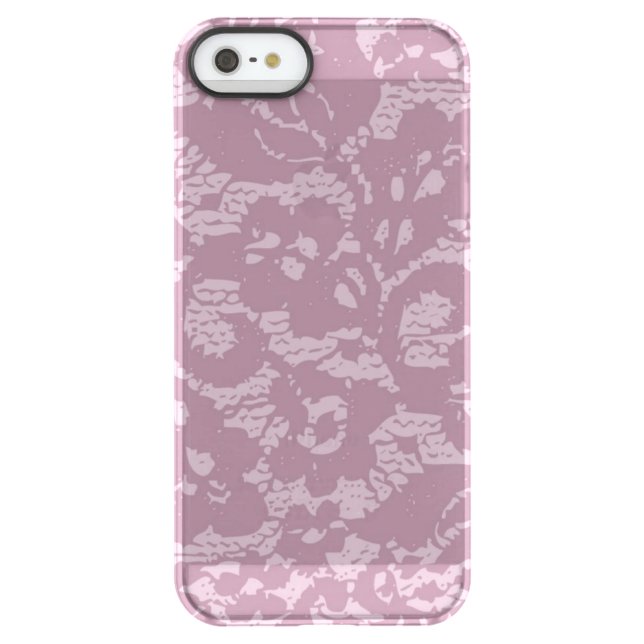 Violet lace uncommon iPhone case (Back)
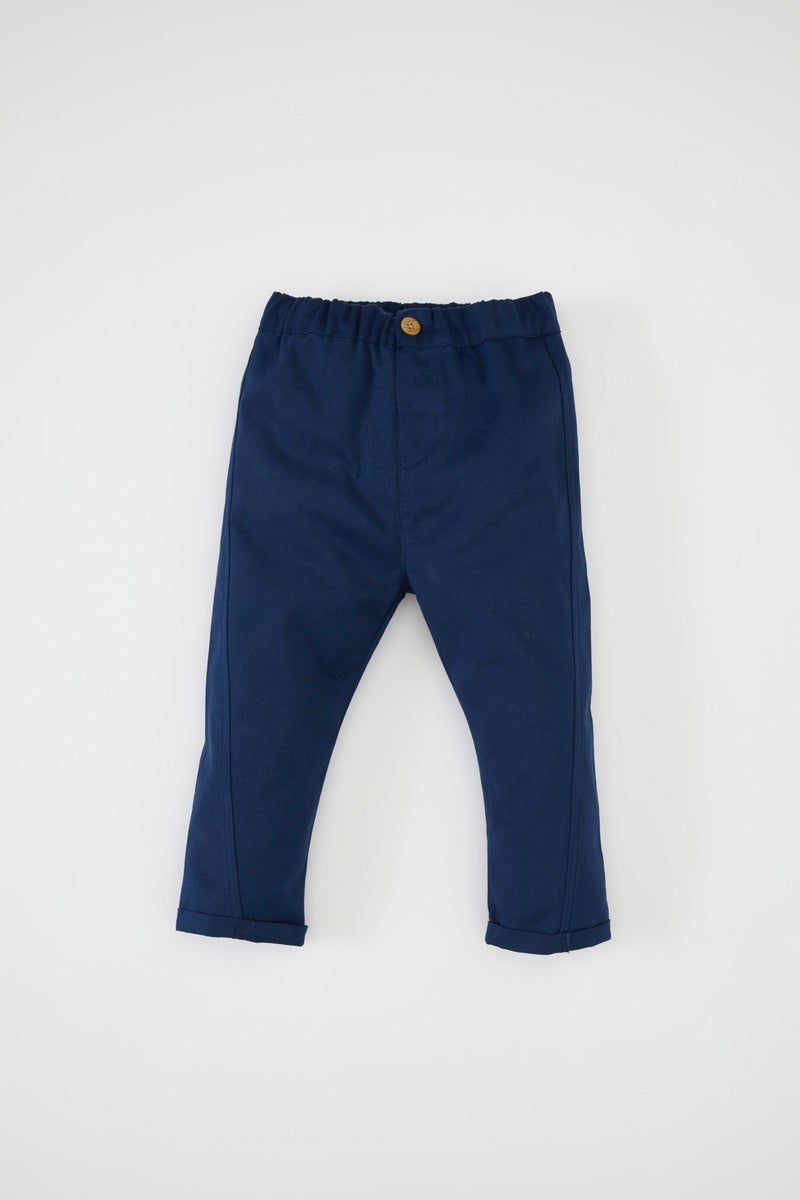 DeFacto Baby Boy Muslin Shirt Trousers 2 Piece Set - Image 4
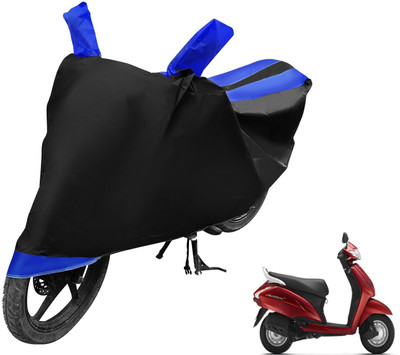 MOCKHE Two Wheeler Cover for Honda(Activa 125, Black, Blue)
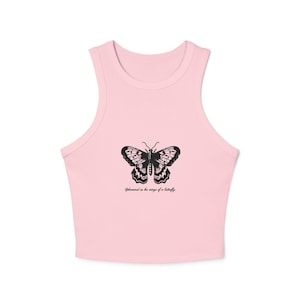 Damen Micro Rib Racer Tank Top - Stilvoll und bequem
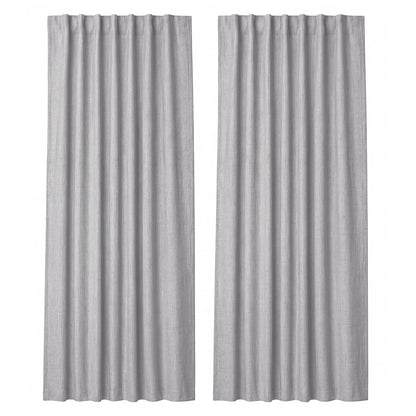 Marlow 100% Blackout Curtains Thermal Linen Look Ready Made Machine Washable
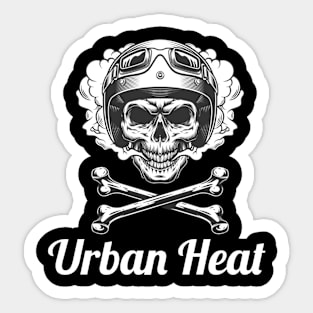 Urban Heat / Vintage Skull Style Sticker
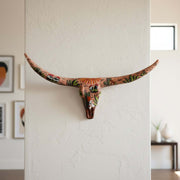Talavera Longhorn Skull | Terracotta Desert Design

#### Instructions for the task:
Could the entries above be retyped exactly, with the pictures left out?

#### Task result:
 Violet lace uncommon iPhone case (Back)
 DeFacto Baby Boy Muslin Shirt Trousers 2 Piece Set - Image 4
 MOCKHE Two Wheeler Cover for Honda(Activa 125, Black, Blue)
 Damen Micro Rib Racer Tank Top - Stilvoll und bequem
 Marlow 100% Blackout Curtains Thermal Linen Look Ready Made Machine Washable
 Urban Heat / Vintage Skull Style Sticker
Talavera Longhorn Skull | Terracotta Desert Design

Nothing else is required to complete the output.